The answer must consist of each line below that contains the word "Unlimited", copied in full.

=== Records for this task ===

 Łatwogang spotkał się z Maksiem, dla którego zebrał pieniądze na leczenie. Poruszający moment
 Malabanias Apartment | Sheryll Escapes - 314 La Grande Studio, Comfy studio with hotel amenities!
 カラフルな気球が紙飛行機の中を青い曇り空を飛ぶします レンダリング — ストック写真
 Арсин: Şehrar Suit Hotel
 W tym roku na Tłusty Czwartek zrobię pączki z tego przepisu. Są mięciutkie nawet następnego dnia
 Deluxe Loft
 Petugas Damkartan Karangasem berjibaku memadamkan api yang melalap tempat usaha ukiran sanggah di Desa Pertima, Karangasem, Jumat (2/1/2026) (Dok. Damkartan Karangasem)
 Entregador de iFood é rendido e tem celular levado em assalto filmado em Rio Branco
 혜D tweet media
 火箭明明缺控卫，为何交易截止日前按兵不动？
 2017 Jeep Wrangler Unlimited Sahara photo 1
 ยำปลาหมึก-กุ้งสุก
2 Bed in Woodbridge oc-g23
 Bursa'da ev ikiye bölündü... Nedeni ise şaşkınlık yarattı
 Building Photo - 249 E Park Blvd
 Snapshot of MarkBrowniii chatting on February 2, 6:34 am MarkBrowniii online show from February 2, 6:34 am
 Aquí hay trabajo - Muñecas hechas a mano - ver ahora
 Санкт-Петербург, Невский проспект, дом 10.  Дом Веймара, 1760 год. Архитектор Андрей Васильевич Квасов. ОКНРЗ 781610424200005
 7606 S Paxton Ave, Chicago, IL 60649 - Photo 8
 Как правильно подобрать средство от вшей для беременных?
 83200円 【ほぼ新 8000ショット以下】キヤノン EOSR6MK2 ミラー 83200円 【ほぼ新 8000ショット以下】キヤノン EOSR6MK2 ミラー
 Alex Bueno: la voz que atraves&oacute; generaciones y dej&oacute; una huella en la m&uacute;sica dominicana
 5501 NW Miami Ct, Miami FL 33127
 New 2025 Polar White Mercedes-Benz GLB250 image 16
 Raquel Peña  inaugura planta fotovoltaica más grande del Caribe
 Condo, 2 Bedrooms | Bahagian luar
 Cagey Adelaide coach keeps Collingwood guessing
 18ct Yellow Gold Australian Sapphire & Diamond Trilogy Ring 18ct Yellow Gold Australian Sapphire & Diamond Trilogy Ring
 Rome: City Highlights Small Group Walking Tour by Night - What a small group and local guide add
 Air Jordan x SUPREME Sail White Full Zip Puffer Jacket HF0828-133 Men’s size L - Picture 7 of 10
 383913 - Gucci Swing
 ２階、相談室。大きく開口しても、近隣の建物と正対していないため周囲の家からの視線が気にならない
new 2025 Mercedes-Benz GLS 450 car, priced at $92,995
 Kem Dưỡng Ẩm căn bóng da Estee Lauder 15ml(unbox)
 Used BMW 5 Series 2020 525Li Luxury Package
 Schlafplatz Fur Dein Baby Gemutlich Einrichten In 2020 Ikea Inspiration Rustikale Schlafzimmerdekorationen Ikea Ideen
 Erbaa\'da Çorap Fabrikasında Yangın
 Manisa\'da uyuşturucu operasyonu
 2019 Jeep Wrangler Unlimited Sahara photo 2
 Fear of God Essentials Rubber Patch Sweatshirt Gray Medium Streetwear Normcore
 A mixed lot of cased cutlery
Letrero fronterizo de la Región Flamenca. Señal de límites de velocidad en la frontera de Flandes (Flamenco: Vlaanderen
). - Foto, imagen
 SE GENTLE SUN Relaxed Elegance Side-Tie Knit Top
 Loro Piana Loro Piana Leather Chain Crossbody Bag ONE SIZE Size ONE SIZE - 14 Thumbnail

===

#### [Answer for this exercise]
 2017 Jeep Wrangler Unlimited Sahara photo 1
 2019 Jeep Wrangler Unlimited Sahara photo 2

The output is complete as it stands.